Only love can heal a heart that was hurt by love.
-Bokura Ga Ita
Holidays. I rewatched the anime and found time to read the season 2 of it AND it's still not completed T.T Doushiteeeeeee?
Sigh, like I feel like this when I watched FF ending.(Y) Shit, sudden realisation that the past weeks spent haven't been that productive.
I don't know what I was doing, missing the train stops twice yesterday. Actually I could get out the first time, but it's like so crowded that I can't be more bothered to move. The second time the door shut on me-.-" I was too engrossed to listening to Top Of the World and thinking about things (Y).
Dinner. MRC dinner was epic, too much retarded moments to be described in words (actually it's cause I can't really remember any of them) and taking photos for yearbook was even a greater joke haha. I realised I haven't been smiling this much for the longest time, maybe this was why I'm glad I'm still in legendary MRC the 14th.
Tea. I missed the taste of Himalayan tea.
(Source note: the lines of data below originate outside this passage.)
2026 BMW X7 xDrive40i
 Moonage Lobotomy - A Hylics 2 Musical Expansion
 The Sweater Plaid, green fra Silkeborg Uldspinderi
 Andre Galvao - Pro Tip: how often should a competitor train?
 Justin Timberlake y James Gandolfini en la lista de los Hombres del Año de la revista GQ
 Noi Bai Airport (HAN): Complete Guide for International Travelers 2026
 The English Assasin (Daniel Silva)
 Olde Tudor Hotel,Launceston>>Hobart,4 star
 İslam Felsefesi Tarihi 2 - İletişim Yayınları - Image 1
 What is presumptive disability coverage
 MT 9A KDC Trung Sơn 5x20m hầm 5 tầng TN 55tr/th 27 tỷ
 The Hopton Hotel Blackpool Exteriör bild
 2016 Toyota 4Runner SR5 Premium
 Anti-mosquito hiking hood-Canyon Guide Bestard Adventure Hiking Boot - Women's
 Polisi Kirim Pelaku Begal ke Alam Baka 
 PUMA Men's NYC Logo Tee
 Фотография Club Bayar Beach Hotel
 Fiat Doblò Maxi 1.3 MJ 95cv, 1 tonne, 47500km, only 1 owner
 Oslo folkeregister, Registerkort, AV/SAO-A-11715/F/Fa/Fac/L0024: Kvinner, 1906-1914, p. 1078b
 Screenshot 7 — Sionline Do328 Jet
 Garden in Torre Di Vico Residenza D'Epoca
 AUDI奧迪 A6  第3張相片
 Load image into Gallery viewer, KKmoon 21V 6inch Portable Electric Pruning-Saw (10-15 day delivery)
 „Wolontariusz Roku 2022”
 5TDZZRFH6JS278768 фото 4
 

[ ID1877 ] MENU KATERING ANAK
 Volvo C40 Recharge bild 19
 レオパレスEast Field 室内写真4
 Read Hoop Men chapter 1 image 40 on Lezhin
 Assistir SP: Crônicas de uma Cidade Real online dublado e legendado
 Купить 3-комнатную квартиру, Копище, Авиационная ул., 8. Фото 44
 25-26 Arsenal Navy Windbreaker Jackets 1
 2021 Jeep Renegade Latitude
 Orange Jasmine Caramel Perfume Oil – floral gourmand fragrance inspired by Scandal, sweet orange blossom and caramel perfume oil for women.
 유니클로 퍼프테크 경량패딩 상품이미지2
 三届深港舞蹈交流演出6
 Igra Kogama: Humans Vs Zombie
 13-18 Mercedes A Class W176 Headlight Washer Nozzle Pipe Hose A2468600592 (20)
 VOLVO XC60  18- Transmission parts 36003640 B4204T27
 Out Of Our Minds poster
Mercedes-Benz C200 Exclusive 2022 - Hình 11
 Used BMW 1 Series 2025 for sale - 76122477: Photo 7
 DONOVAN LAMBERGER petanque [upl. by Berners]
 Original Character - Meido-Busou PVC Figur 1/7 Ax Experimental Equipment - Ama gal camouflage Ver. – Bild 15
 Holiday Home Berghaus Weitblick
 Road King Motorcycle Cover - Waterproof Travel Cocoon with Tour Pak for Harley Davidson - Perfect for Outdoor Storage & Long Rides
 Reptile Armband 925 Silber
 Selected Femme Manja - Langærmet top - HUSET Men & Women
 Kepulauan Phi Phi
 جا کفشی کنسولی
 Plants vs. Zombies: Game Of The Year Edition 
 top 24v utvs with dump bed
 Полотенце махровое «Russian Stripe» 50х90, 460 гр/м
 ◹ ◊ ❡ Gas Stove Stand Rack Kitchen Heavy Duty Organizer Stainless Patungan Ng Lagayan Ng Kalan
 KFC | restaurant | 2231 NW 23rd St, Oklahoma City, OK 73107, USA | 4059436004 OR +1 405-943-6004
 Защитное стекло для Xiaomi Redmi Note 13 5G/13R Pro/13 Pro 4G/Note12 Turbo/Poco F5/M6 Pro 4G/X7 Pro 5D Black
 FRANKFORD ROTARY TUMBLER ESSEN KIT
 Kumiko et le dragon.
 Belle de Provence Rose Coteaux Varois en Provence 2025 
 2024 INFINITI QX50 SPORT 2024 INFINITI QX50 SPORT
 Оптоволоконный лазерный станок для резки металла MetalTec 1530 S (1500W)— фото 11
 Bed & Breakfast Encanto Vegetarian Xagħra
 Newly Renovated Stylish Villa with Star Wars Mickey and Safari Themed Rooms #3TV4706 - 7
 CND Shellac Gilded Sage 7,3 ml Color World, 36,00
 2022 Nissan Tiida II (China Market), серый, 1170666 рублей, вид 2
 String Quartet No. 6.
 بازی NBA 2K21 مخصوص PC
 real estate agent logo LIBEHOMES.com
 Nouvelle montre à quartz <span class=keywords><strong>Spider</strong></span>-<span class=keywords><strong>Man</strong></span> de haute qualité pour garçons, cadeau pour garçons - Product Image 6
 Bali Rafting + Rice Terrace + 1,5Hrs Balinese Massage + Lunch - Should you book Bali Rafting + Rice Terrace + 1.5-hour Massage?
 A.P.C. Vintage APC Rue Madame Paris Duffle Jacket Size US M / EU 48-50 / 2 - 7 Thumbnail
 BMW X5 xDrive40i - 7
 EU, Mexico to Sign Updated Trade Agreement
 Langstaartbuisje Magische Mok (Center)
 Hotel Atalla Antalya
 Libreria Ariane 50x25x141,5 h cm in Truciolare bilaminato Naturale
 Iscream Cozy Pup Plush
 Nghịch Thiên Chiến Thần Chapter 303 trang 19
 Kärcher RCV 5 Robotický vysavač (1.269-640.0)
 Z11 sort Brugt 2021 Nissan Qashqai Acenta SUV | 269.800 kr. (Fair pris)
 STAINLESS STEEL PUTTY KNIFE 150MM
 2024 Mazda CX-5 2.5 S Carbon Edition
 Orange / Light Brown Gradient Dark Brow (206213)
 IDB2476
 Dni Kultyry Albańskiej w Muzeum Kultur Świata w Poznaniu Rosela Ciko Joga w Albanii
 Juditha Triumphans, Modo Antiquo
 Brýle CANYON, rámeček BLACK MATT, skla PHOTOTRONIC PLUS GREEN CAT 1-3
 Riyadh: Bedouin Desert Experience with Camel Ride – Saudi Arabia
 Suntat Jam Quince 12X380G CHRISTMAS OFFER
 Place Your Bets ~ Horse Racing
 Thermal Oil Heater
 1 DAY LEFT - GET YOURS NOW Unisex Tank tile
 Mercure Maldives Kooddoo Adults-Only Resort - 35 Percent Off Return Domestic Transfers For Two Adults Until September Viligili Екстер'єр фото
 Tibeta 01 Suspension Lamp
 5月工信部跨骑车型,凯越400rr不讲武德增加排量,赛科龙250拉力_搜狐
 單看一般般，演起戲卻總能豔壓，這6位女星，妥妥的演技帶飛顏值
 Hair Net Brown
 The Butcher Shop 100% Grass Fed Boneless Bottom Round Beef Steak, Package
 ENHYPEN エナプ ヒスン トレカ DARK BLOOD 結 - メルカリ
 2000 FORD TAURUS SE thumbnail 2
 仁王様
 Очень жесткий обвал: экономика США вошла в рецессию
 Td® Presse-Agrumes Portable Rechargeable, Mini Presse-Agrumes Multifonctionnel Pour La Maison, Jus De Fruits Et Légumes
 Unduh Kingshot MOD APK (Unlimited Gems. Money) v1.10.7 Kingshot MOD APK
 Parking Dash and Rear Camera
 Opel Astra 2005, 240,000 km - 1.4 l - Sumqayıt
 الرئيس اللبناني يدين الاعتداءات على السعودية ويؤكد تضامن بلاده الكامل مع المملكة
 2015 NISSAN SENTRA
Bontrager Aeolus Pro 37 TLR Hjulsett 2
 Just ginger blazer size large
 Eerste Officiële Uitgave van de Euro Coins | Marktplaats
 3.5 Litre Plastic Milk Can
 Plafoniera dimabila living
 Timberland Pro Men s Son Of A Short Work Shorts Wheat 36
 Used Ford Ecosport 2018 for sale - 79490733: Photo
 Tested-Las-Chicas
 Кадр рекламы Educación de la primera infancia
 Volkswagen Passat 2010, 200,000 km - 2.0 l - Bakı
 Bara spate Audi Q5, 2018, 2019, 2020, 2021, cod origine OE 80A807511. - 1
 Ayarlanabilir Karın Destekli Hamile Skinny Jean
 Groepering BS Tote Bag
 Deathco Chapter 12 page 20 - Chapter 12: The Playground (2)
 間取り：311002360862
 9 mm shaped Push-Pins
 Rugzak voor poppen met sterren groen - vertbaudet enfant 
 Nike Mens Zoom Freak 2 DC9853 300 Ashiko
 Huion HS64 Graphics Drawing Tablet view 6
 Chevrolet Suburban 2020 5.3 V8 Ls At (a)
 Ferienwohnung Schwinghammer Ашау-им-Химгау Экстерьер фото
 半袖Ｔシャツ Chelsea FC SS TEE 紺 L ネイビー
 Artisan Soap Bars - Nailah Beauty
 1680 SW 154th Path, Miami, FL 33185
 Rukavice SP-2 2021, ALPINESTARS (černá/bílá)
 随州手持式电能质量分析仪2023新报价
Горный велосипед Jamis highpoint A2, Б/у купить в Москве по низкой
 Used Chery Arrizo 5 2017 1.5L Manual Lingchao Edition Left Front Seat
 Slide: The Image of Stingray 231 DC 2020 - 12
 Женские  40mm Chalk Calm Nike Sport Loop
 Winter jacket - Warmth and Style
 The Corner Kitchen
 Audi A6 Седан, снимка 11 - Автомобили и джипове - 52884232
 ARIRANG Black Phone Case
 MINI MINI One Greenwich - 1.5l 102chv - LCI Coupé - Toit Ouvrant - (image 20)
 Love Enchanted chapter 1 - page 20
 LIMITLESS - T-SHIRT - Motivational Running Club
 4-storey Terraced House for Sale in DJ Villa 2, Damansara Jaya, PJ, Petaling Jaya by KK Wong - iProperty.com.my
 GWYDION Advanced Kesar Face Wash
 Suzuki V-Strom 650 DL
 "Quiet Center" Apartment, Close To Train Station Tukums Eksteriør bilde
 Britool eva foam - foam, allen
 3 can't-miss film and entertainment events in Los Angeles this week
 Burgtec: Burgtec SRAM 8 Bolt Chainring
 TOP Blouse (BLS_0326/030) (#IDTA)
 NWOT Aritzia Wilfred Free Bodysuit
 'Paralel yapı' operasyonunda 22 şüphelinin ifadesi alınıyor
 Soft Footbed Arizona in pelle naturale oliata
I was thinking maybe I should go drink it at macs today or something. But just now I was buying lunch and I saw this old lady trying to collect cans, then I thought so many people are fighting for this $5, I shouldn't just spend it like this. So I made tea at home. I realised if you cover you tea with something and trap the steam, it'll taste nicer, more refreshing that is.
Mistaken feelings. Maybe? I don't know. I was really confused. I wonder why did you help me fulfill something I believed in. I mean the way we're going, we couldn't even hold a normal conversation.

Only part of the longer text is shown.